El arquitecto lleva dos décadas en Brasil y es un ferviente opositor a la construcción de muros como forma de frenar el crecimiento de los barrios pobres. Aquí analiza el significado urbano, social y político de una medida de ese tipo.
–Que se levanten estos muros en situaciones de frontera, en sentido social y político, ¿significa que fracasaron todas las demás respuestas posibles?

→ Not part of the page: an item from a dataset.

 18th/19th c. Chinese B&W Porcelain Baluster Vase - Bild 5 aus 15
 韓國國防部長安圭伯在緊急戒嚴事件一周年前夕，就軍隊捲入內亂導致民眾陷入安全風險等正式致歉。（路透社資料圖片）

–Es una capitulación por anticipado del poder público, en el sentido de que son decididos por un poder público que no confía en su propia capacidad de fiscalización a la hora, por ejemplo, de mantener el control sobre lo construido y lo no construido, como en el caso de las favelas. Cuando se hace un muro para dividir, para cortar, no se tiene en cuenta que lo primero que uno piensa al encontrarse frente a él es cómo pasar al otro lado. En este momento, estoy trabajando en un área que se llama Complejo de Manguinhos, conformado por un conjunto de 11 favelas, divididas al medio (cinco quedan de un lado, seis del otro) por el tren. Esa vía de tren está flanqueada por muros, lo que constituye un borde imposible de trasponer de un lado al otro de la comunidad. Sin embargo, la gente hizo agujeros en el muro y transita: termina usando como calle los espacios entre el muro y la vía, e inclusive la misma vía, si hasta hay fotos donde se ve cómo circulan en bicicleta por el medio de la vía. Lo que quiero decir es que el muro no sólo no resuelve, sino que crea problemas adicionales. El muro ya es una capitulación por anticipado frente a la posibilidad de pensar alguna armonía entre las partes, algún tipo de convivencia, en el sentido que planteaba Jacques Derrida. El, que casualmente visitó Río poco antes de morir, decía que en el mundo contemporáneo es necesario reaprender a convivir en la diferencia y que esto implica una propedéutica política. Es algo difícil de hacer, pero necesario, y está visto que sin ella sólo se cometen actos innecesarios, como quedó clarísimo con la contramarcha del muro de San Isidro. En el caso argentino, a diferencia de lo que pasa con el muro para evitar el crecimiento de las favelas, hubo una reacción y un cambio de idea. Aquí lo máximo que se sugirió fue que se embelleciera el muro con plantas, que fuera ecológico.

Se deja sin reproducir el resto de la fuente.